■ **What needs to be done**: Once the line containing "Apartamento à venda com 226m², 4 quartos e 2 vagas Apartamento" appears, output it and each remaining line of the records below exactly, with no pictures and nothing more.
━━ Excerpted data
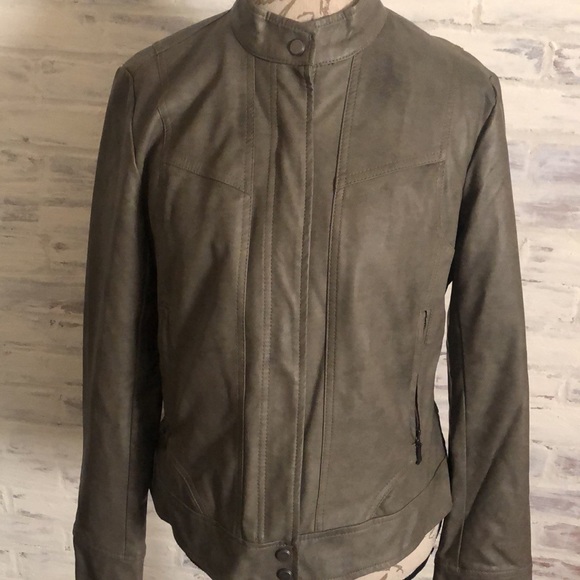 BERNARDO Tailored Faux Leather Jacket size Large. Chest measures 15”, - Picture 5 of 7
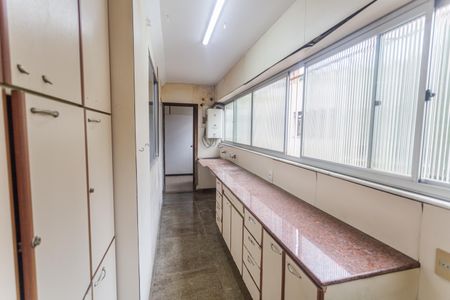 Apartamento à venda com 226m², 4 quartos e 2 vagas Apartamento à venda com 226m², 4 quartos e 2 vagasÁrea de Serviço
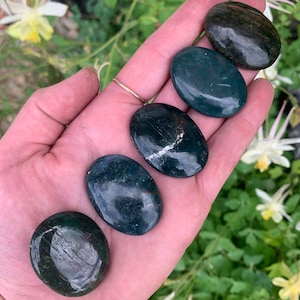 Emerald Fuchsite Palm Stone: Healing Worry Stone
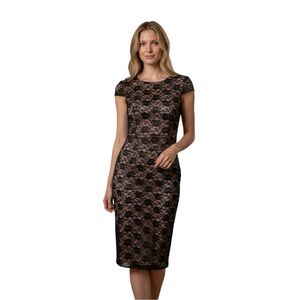 BETSY JOHNSON Women’s Black Lace Cap Sleeve Dress size 2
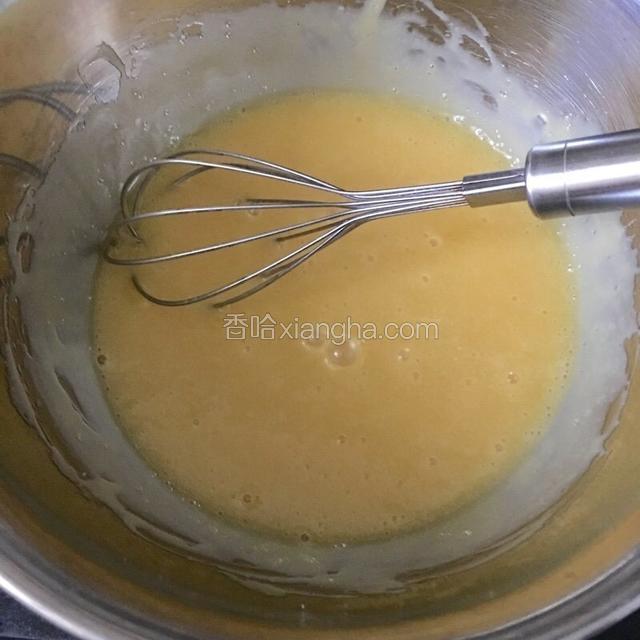 把蛋液搅匀搅再加入巧克力液再搅匀.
━━━━
■ **Task response**:
 Apartamento à venda com 226m², 4 quartos e 2 vagas Apartamento à venda com 226m², 4 quartos e 2 vagasÁrea de Serviço
 Emerald Fuchsite Palm Stone: Healing Worry Stone
 BETSY JOHNSON Women’s Black Lace Cap Sleeve Dress size 2
 把蛋液搅匀搅再加入巧克力液再搅匀.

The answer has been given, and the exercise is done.